------ Available records ------

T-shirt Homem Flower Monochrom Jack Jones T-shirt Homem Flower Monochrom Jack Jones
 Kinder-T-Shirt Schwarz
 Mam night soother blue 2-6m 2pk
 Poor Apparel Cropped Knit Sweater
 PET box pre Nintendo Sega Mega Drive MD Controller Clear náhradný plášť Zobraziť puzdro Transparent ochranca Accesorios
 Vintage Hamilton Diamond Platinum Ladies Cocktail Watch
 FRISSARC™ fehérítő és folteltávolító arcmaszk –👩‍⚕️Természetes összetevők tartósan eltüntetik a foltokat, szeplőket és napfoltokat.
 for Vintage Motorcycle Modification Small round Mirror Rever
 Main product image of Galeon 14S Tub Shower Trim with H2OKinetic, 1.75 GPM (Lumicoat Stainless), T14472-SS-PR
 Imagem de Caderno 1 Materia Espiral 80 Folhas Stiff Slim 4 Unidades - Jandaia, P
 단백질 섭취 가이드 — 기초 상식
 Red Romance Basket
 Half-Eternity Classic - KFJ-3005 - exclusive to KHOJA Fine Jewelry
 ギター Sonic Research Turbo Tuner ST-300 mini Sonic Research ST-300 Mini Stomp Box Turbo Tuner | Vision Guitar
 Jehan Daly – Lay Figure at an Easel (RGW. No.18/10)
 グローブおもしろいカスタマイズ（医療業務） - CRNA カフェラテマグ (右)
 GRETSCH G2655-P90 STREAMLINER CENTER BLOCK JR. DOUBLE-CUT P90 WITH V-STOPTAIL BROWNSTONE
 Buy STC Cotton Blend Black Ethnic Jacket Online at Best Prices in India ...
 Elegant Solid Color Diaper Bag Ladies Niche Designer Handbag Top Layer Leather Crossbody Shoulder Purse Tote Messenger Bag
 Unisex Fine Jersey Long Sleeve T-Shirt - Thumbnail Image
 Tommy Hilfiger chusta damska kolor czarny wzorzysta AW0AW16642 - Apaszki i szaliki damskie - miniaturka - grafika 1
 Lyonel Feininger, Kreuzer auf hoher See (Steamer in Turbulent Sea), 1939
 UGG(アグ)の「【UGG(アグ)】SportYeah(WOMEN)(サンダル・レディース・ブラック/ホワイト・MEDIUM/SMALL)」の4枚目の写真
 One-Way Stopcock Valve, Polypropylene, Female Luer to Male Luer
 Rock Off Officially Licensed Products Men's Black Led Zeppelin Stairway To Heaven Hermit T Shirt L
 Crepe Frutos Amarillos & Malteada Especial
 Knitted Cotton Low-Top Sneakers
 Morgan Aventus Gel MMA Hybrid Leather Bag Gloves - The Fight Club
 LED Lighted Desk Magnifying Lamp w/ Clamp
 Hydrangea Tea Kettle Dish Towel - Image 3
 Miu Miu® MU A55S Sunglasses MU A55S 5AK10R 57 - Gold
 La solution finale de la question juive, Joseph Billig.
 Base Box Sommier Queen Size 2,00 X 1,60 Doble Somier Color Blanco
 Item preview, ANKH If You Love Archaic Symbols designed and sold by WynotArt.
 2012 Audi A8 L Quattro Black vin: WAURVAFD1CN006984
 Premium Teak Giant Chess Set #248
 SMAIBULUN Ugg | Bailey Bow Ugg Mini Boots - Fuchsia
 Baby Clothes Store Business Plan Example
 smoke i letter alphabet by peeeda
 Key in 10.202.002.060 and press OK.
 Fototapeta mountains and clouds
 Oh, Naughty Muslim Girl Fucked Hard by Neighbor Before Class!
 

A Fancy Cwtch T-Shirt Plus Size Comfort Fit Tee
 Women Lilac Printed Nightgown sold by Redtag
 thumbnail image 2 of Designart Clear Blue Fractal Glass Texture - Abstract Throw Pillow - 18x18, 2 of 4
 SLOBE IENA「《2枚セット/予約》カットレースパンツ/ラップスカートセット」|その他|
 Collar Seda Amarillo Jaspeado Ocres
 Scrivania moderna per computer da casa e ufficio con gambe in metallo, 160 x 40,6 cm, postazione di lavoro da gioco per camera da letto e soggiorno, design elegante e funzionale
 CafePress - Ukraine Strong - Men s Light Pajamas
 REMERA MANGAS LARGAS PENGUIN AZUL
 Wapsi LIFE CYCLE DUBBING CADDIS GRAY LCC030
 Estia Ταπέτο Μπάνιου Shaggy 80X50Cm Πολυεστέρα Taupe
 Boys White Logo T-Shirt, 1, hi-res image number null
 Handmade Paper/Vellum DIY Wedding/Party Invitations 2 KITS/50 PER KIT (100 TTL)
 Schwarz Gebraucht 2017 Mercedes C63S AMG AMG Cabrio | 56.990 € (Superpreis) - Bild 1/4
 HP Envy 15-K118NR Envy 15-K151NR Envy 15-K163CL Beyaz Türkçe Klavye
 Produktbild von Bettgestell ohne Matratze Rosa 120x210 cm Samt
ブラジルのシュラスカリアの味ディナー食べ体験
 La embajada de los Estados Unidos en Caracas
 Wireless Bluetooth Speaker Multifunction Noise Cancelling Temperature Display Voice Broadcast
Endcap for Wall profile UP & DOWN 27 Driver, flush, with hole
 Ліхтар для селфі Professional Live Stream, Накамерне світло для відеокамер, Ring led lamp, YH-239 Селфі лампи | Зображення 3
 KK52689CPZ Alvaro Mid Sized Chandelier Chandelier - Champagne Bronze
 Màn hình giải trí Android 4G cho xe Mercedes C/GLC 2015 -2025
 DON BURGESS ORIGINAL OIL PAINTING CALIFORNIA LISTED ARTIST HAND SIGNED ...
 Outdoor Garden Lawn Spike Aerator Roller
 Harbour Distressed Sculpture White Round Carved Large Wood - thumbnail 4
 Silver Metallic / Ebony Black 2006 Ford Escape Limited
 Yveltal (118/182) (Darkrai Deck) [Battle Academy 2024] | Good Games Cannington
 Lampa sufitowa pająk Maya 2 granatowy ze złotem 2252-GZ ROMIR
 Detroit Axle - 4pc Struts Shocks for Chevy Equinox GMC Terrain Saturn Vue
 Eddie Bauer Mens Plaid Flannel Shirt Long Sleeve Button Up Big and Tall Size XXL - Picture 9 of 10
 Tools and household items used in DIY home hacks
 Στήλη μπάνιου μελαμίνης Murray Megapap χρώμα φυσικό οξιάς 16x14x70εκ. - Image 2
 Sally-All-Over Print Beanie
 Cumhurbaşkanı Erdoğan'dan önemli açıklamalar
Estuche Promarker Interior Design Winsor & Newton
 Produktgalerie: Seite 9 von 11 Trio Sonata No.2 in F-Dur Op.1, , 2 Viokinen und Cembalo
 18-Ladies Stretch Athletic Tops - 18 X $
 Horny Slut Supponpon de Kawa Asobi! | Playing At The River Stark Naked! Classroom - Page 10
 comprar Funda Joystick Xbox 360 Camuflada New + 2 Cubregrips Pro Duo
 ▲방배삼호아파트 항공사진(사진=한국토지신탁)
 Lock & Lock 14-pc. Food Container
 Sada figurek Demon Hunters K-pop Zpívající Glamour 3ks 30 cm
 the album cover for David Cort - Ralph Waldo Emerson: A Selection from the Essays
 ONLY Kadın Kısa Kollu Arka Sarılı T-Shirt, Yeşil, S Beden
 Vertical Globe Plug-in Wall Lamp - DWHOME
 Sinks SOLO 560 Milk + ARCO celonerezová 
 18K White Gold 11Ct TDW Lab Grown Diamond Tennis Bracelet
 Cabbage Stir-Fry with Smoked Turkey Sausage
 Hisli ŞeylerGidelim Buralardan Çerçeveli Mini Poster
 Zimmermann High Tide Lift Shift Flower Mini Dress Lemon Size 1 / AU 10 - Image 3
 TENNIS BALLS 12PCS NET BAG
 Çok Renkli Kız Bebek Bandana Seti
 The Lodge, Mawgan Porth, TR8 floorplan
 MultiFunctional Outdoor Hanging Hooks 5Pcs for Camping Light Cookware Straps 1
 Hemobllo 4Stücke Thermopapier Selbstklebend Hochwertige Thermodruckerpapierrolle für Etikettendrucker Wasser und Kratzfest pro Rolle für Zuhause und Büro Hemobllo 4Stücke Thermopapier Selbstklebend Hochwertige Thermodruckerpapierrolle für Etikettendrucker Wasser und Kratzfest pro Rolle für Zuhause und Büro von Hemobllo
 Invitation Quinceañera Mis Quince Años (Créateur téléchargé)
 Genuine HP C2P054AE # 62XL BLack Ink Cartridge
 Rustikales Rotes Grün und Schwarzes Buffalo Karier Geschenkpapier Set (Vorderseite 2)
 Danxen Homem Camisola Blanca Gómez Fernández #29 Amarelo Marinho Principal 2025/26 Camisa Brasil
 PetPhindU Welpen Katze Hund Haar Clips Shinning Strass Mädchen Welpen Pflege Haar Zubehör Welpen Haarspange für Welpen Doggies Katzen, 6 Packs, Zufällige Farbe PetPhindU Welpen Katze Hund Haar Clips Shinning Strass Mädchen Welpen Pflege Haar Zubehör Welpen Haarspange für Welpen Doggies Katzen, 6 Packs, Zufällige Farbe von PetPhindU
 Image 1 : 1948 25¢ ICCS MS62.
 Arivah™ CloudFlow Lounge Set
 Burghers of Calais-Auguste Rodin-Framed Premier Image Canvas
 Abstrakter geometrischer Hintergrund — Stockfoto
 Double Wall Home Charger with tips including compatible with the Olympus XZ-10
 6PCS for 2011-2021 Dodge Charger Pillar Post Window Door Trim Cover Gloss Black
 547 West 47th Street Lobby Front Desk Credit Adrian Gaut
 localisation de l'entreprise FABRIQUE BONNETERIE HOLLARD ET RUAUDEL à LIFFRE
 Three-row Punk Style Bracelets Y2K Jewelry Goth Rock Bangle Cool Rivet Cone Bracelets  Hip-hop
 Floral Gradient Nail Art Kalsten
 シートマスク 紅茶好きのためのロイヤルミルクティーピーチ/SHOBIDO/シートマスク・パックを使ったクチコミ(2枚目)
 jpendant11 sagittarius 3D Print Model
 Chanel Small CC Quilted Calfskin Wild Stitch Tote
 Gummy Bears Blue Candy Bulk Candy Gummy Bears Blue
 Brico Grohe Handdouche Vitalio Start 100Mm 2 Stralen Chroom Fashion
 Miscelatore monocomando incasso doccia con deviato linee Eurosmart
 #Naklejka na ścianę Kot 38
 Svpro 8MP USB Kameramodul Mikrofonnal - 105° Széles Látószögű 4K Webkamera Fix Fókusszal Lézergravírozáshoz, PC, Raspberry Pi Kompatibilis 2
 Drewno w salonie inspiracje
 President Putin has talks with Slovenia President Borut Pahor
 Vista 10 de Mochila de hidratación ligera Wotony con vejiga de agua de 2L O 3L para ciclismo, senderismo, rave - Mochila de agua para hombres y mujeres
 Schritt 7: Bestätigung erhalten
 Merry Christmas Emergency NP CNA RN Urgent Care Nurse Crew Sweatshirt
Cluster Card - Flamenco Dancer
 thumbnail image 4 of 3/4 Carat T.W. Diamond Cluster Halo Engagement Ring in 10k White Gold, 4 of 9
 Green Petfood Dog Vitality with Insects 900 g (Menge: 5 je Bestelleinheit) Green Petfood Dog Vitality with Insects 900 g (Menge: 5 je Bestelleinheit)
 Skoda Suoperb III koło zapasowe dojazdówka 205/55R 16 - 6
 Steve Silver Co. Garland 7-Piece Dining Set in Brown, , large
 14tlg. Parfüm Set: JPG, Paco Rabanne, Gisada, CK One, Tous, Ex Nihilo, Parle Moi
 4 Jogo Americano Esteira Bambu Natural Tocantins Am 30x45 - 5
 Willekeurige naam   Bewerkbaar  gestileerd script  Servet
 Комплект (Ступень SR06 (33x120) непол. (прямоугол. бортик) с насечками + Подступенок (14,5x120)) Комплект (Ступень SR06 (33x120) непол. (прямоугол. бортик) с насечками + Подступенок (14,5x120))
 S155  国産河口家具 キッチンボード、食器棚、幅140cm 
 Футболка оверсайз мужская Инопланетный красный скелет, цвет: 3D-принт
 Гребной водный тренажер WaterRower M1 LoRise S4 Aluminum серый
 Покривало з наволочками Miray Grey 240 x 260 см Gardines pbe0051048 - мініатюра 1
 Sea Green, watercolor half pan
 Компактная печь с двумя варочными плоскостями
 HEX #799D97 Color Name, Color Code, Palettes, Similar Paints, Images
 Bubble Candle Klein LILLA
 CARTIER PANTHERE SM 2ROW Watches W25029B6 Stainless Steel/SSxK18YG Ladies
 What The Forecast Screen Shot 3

------

Nothing but a number is wanted: report how many lines in the entries above contain the string "Long".

2